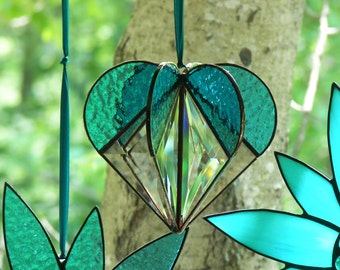Stained Glass Heart Turquoise, Stained glass suncatcher, Heart Ornament,Bevel Heart, Turquoise Heart, Heart Suncatcher, Wedding Gift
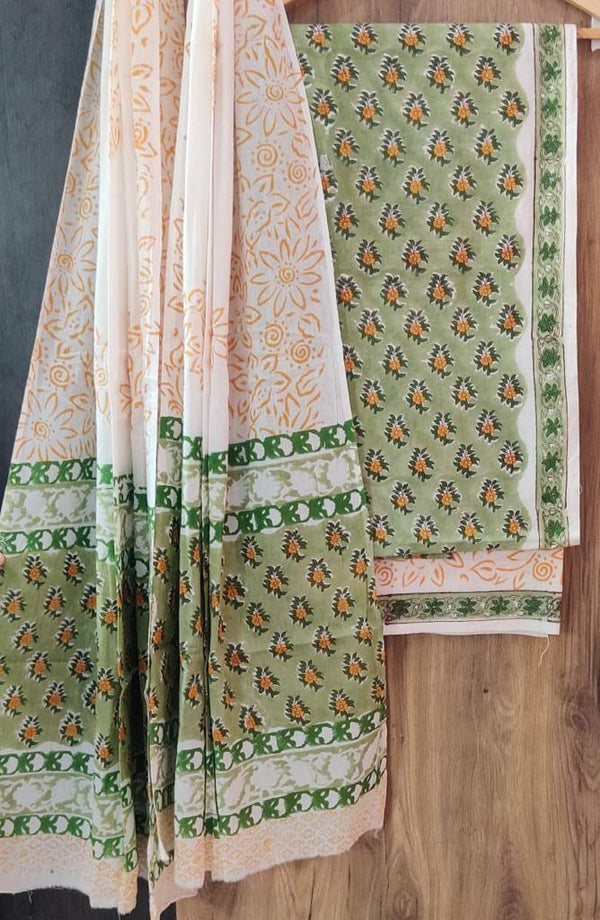 Designer Hand Block Print Pure Cotton Suit With Cotton Mulmul Dupatta - Leheriya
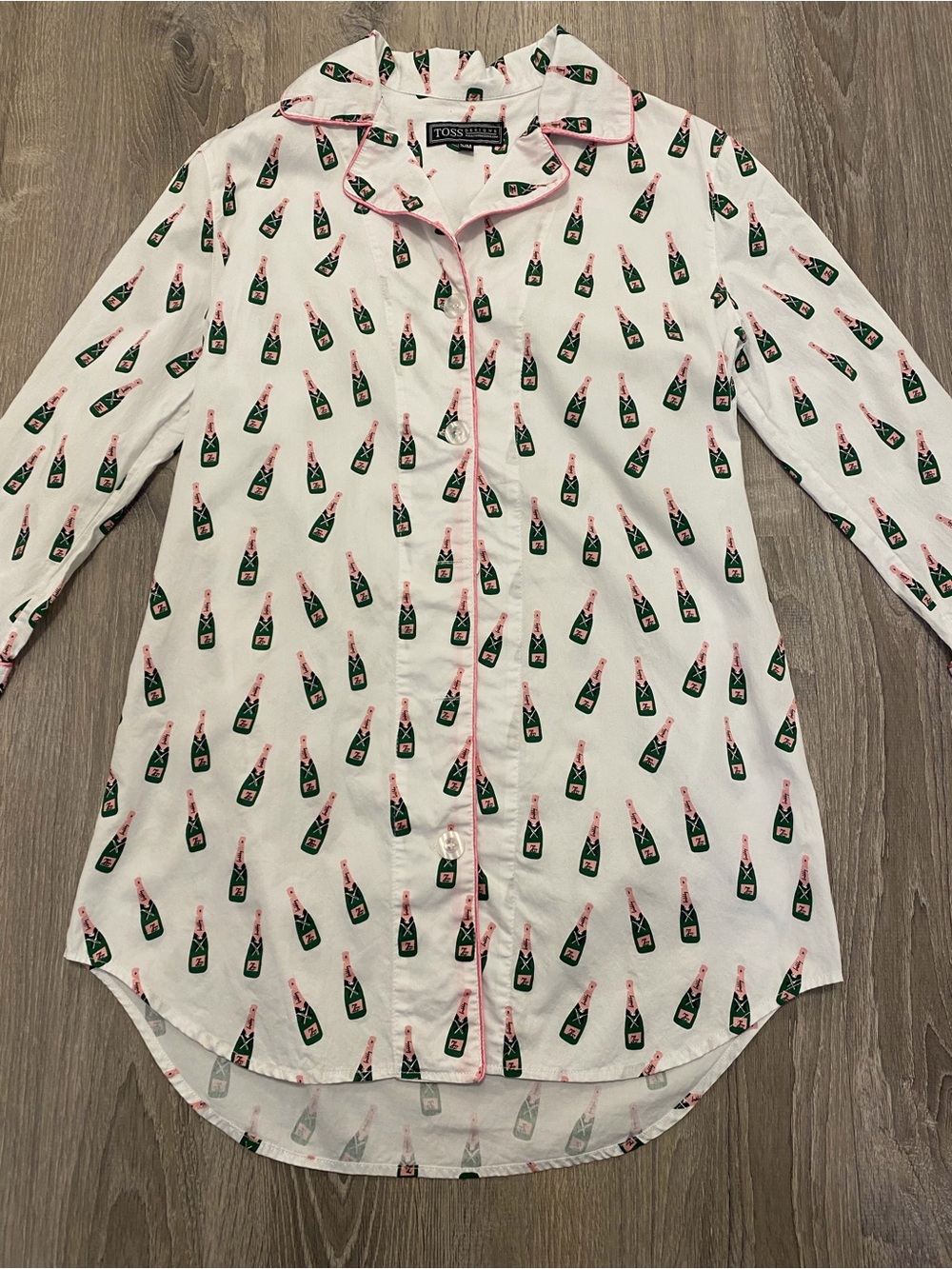 Toss Designs Women's White Champagne Print PJ Pajama Nightshirt Dress Size S/M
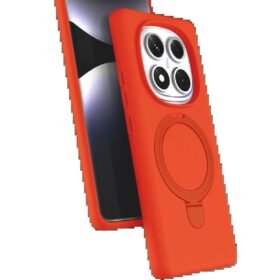 Xiaomi Redmi Note 14 Pro 4G Regal Magsafe Standlı Kapak - Turuncu-(5796)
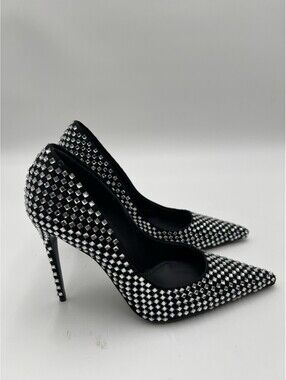 Dolce & Gabbana Crystal-embellished satin checkered pumps Size 36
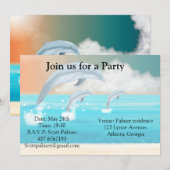 Invitation les dauphins qui brassent dans l'océan (Devant / Derrière)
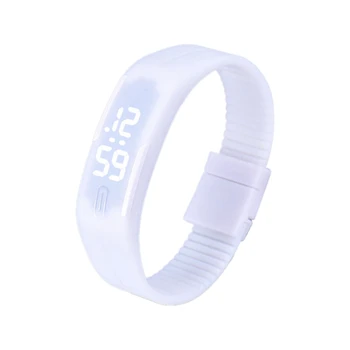 

Sports Silicone Rubber White LED Digital Watch Bracelet Men Women White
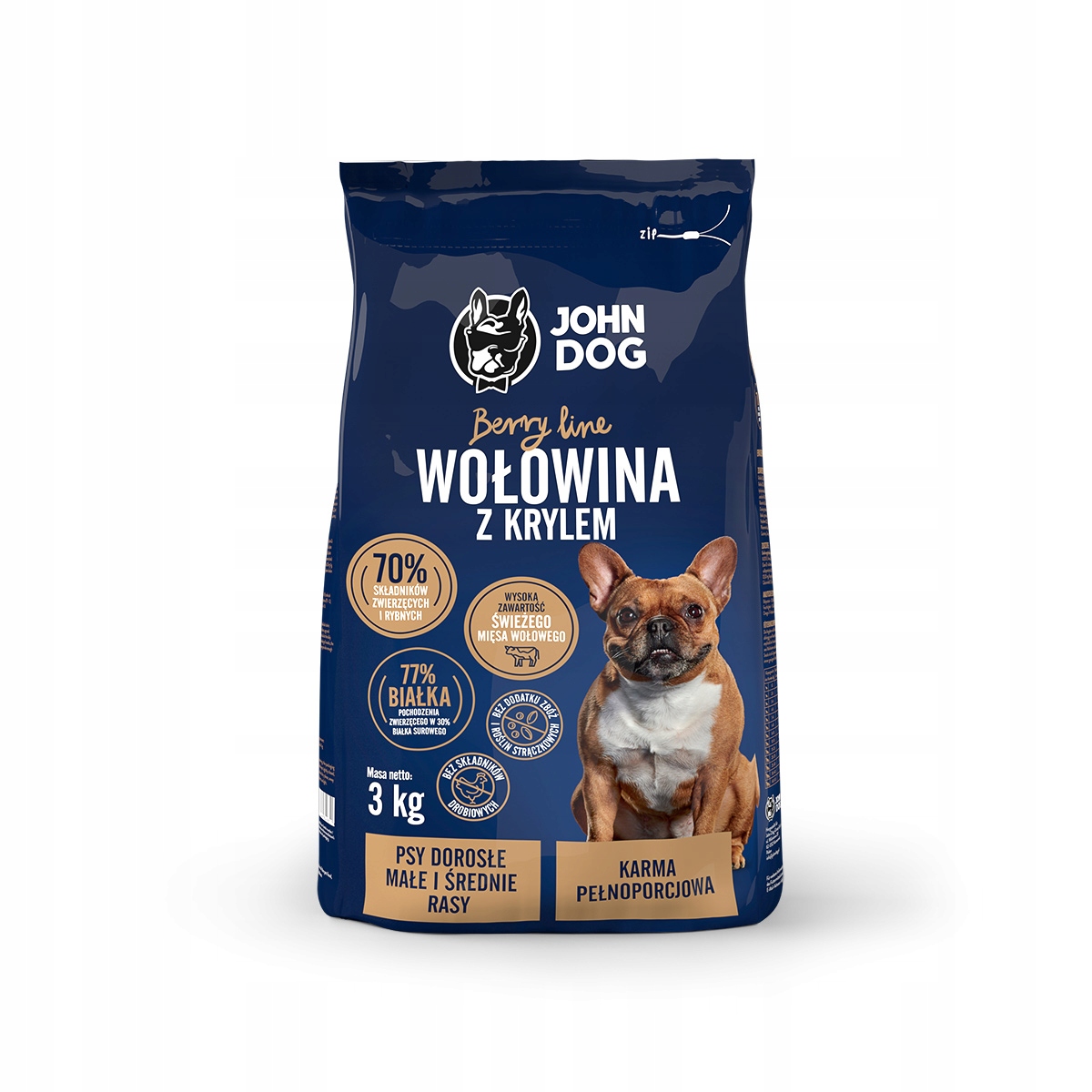 Levně John Dog Berry Line Hovězí krill 3kg malý pes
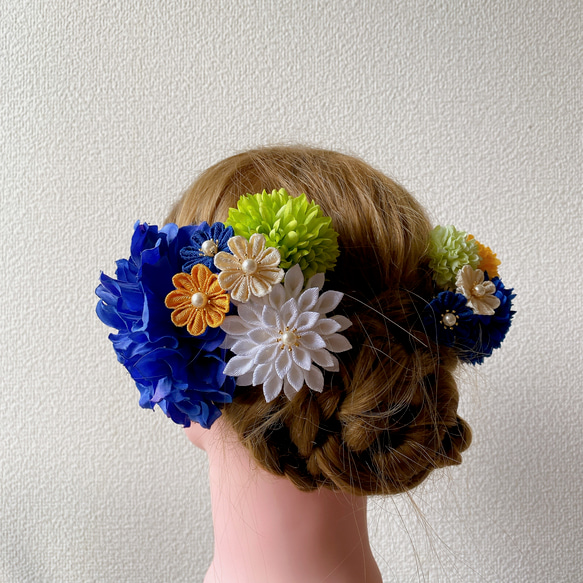 つまみ細工と造花の髪飾りセット（9) 2枚目の画像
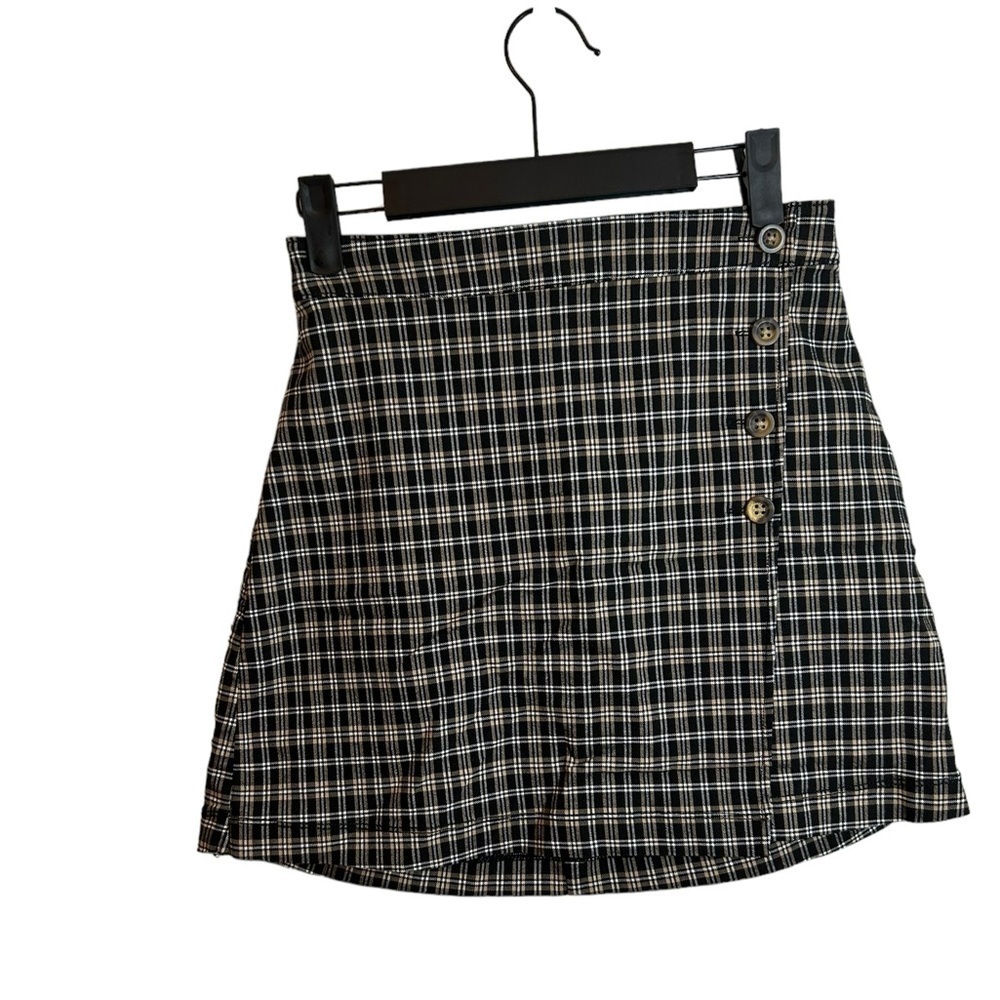 HOLLISTER PLAID ACADEMIA STRETCH MINI SKIRT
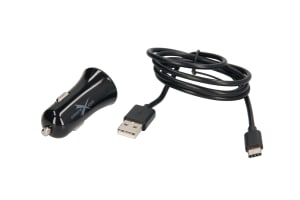 EXTREME-STYLE Univerzální nabíječka do auta DC 12 – 24V, 2 výstupy USB, kabel USB typu C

++++++++

What the exercise asks
Exactly the lines from the one containing "Invitation les dauphins" through the last line of the data above should be output, both ends included, with every picture left out.

Expected output
 Invitation les dauphins qui brassent dans l'océan (Devant / Derrière)

Sports Silicone Rubber White LED Digital Watch Bracelet Men Women White
 Levně John Dog Berry Line Hovězí krill 3kg malý pes
 つまみ細工と造花の髪飾りセット（9) 2枚目の画像
 HOLLISTER PLAID ACADEMIA STRETCH MINI SKIRT
 EXTREME-STYLE Univerzální nabíječka do auta DC 12 – 24V, 2 výstupy USB, kabel USB typu C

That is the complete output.